### Work item
Find the line with "Photo taken at" in the records below, then please transcribe it and every later line exactly, omitting the pictures and adding nothing.

[Captioned web images]
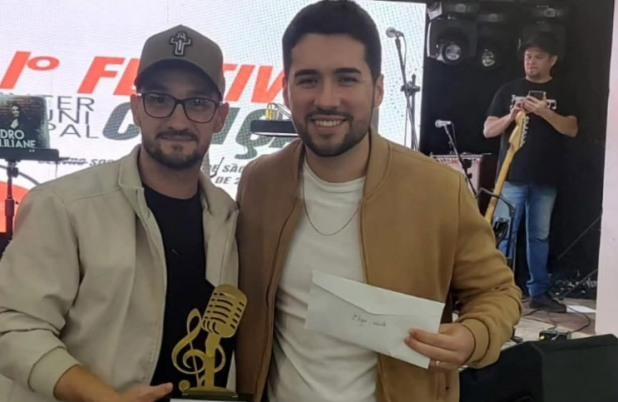 Dupla de Bom Jesus do Sul conquista 1º Festival da Canção Intermunicipal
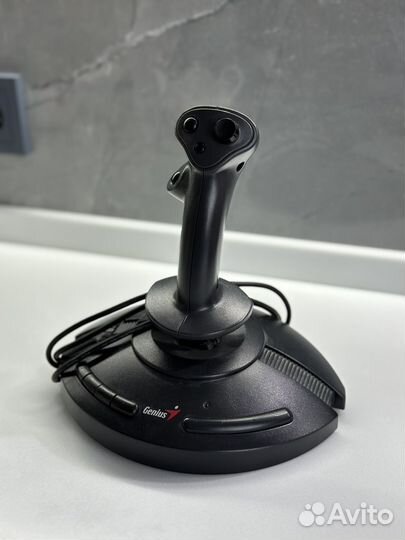 Игровой джойстик для пк genius USB F-23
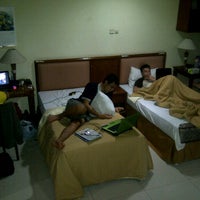 Photo taken at Kamar 514, Hotel Lembah Hijau, Pusdiklat BRI, Ragunan by Naufal Z. on 1/10/2012
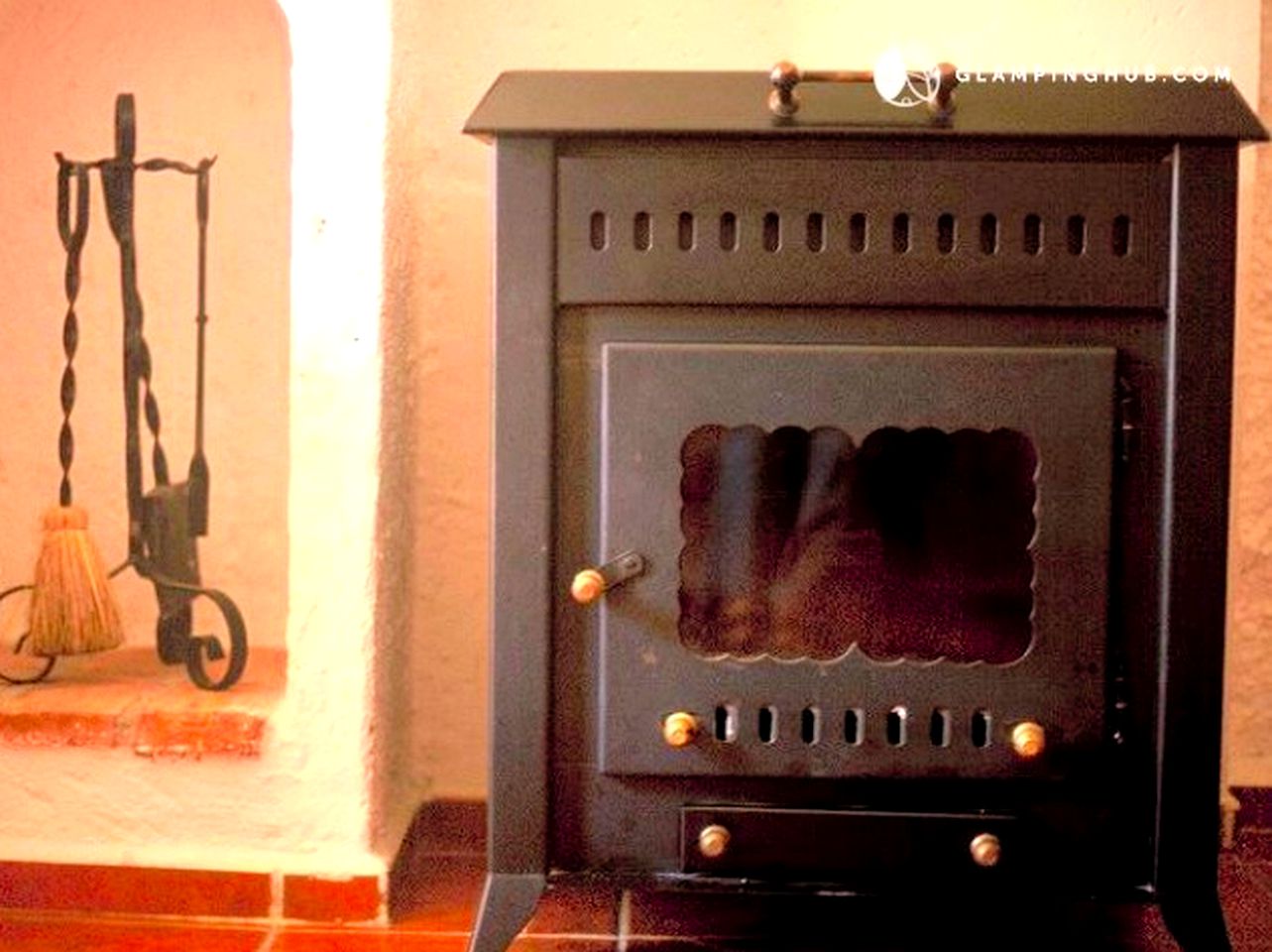 Romantic Cave Getaway with Pool Access near Granada, Spain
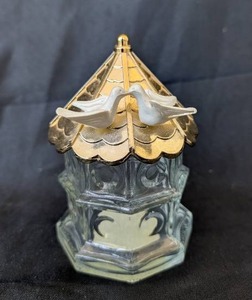 lot 2011 image: Avon Dovecote Roses Cologne Bottle with Doves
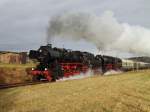 52 8047 und 52 8079 in hhe Zwnitz mit einem Sonderzug aus Nossen am 6.12.09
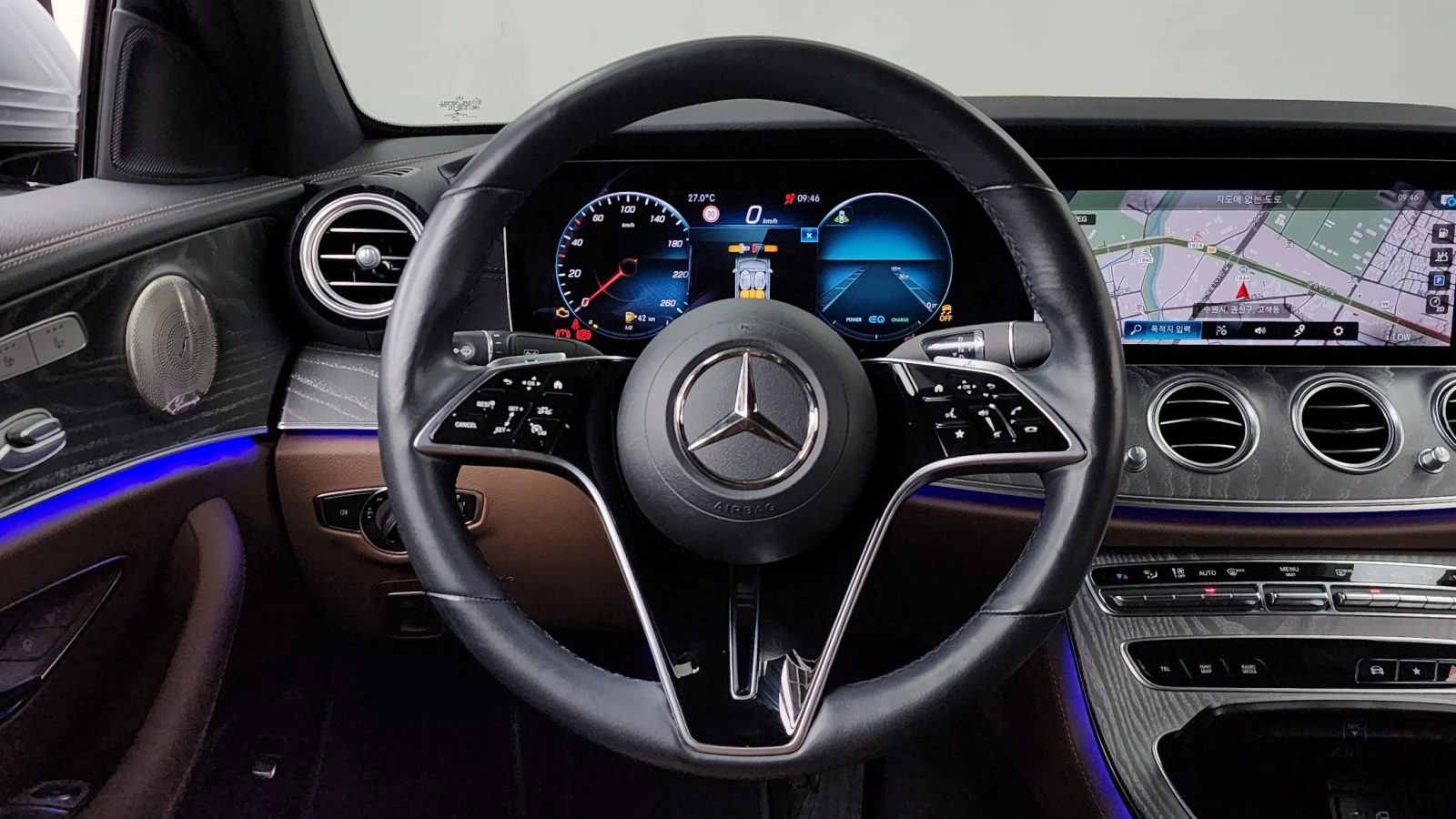 Mercedes-Benz E 350 4MATIC Avantgarde, снимка 9 - Автомобили и джипове - 55421602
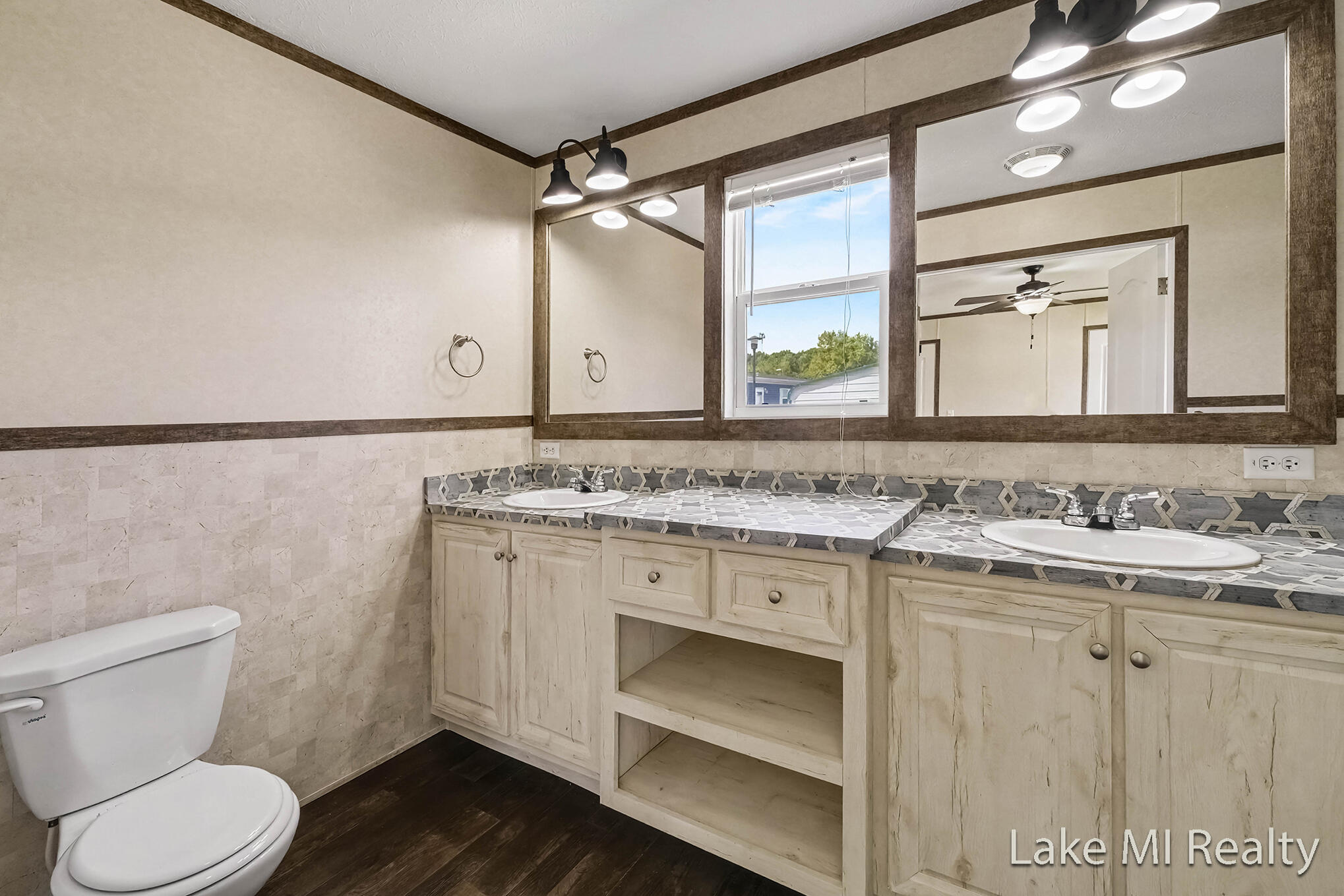 104 Gardens Boulevard NW Grand Rapids MI 49534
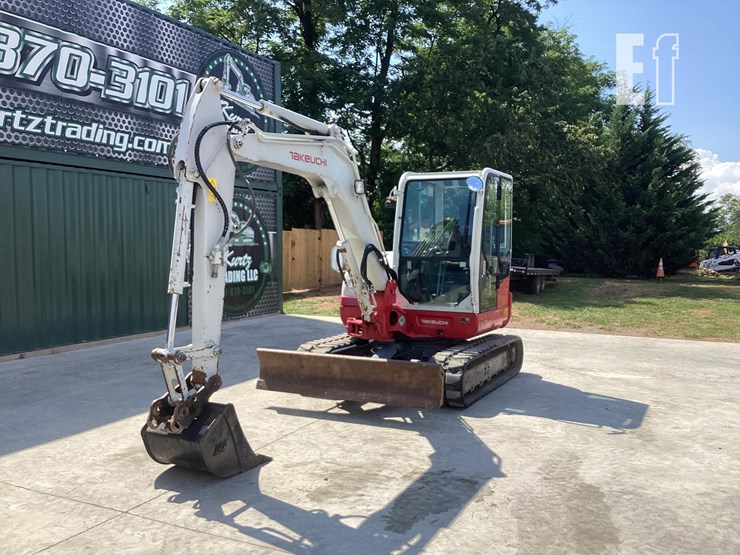 2018-takeuchi-tb260-image-9
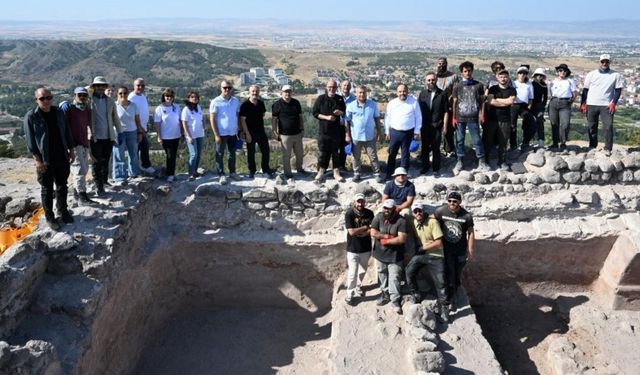 Rektör Adıgüzel’den Karacahisar Kalesi kazı alanına ziyaret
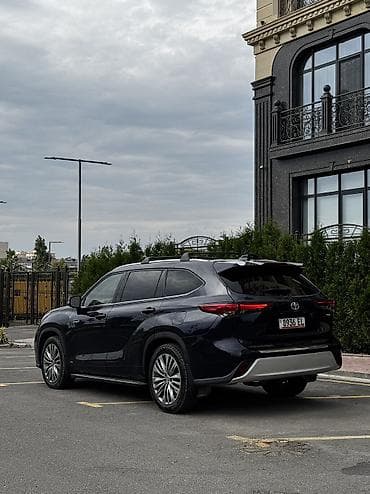 360: Toyota Highlander: 2021 г., 2.5 л, Автомат, Гибрид, Внедорожник — 2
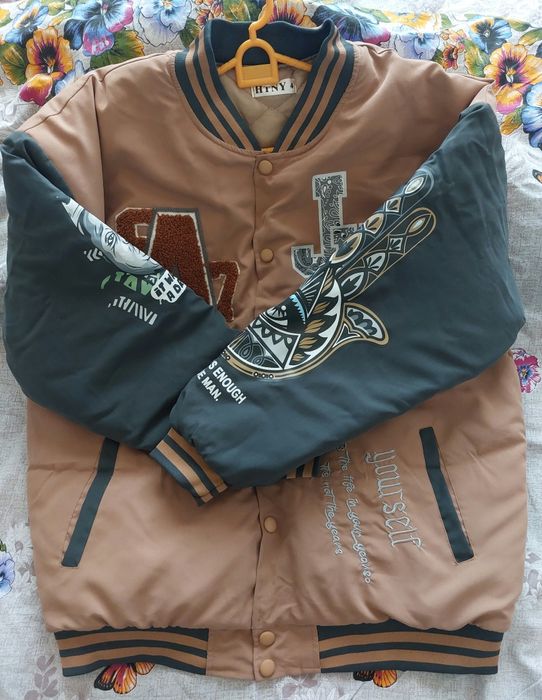 Новая куртка бомбер. Размер XL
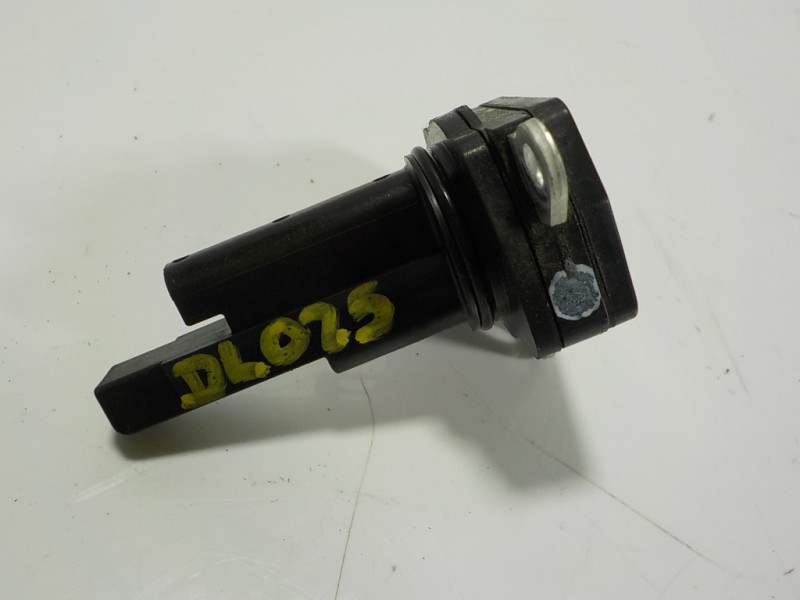 Recambio de caudalimetro para toyota verso 1.6 16v cat referencia OEM IAM 222040V020 222040V020 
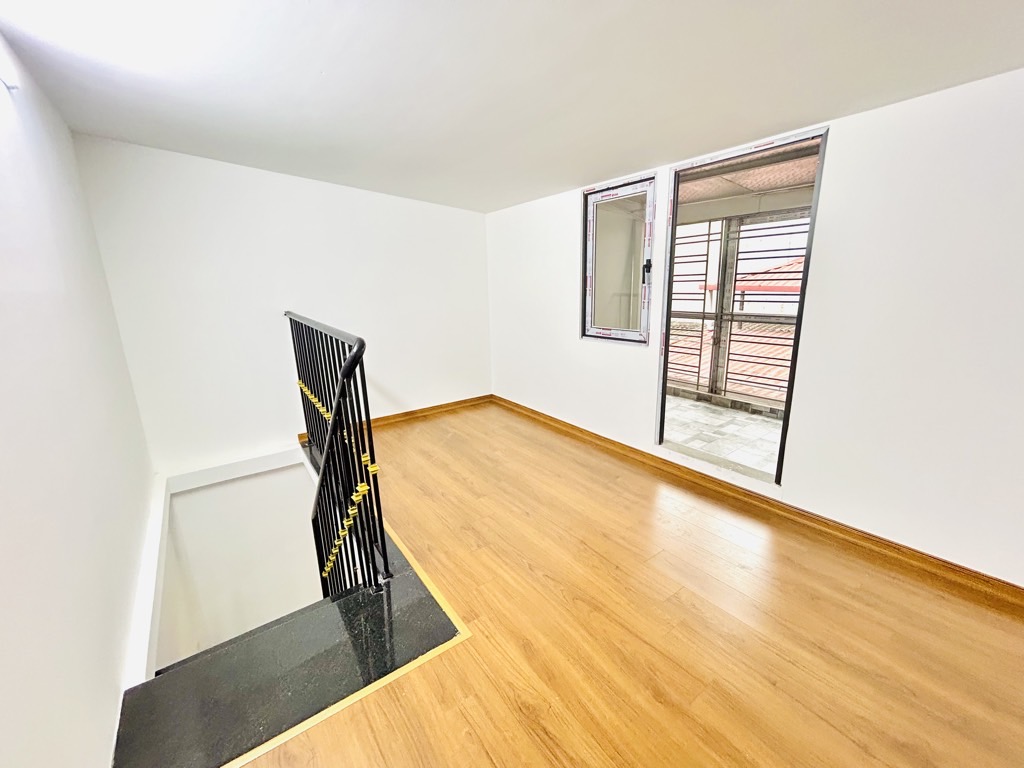 Nhà 4 tầng phố Tân Mai, nội thất mới đầy đủ vào ở ngay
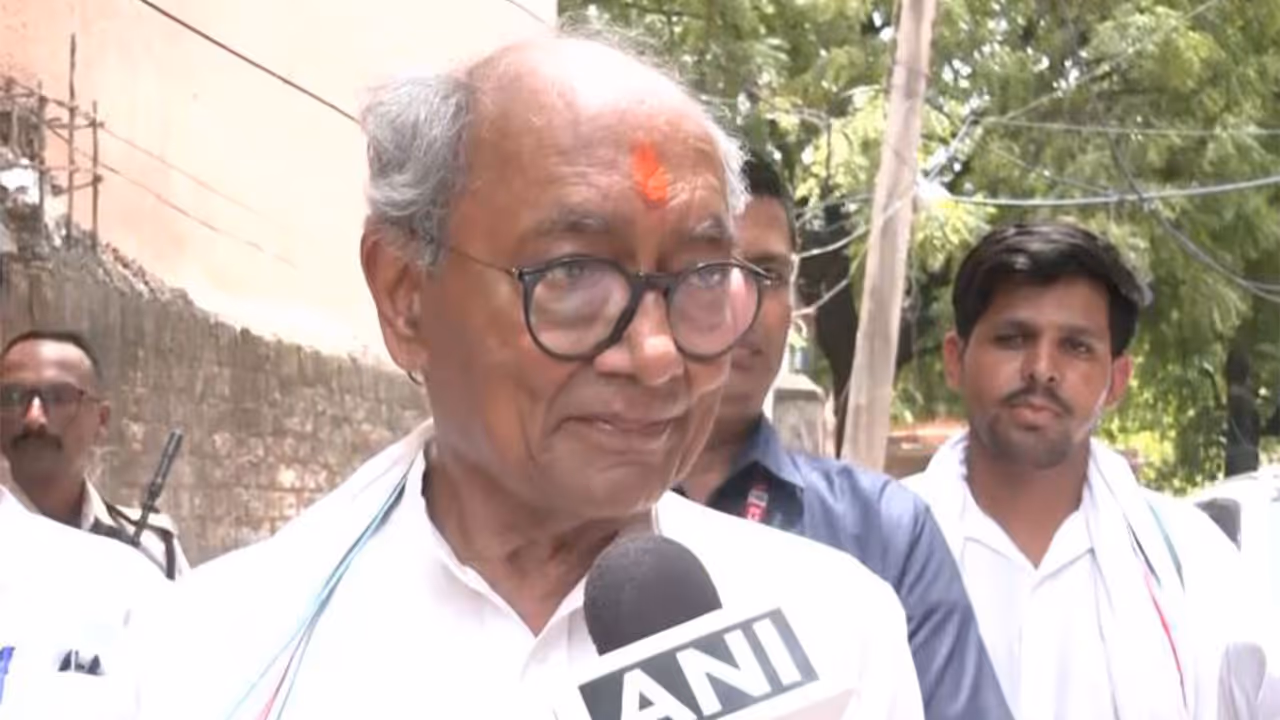Congress leader Digvijay Singh (Photo/ANI) Congress leader Digvijay Singh (Photo/ANI)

### Task result
 Photo taken at Kamar 514, Hotel Lembah Hijau, Pusdiklat BRI, Ragunan by Naufal Z. on 1/10/2012
 Romantic Cave Getaway with Pool Access near Granada, Spain
 lot 2011 image: Avon Dovecote Roses Cologne Bottle with Doves
 52 8047 und 52 8079 in hhe Zwnitz mit einem Sonderzug aus Nossen am 6.12.09
 Mercedes-Benz E 350 4MATIC Avantgarde, снимка 9 - Автомобили и джипове - 55421602
 104 Gardens Boulevard NW Grand Rapids MI 49534
 2018-takeuchi-tb260-image-9
 Rektör Adıgüzel’den Karacahisar Kalesi kazı alanına ziyaret
 360: Toyota Highlander: 2021 г., 2.5 л, Автомат, Гибрид, Внедорожник — 2
 Новая куртка бомбер. Размер XL
 Recambio de caudalimetro para toyota verso 1.6 16v cat referencia OEM IAM 222040V020 222040V020 
 Nhà 4 tầng phố Tân Mai, nội thất mới đầy đủ vào ở ngay
Congress leader Digvijay Singh (Photo/ANI) Congress leader Digvijay Singh (Photo/ANI)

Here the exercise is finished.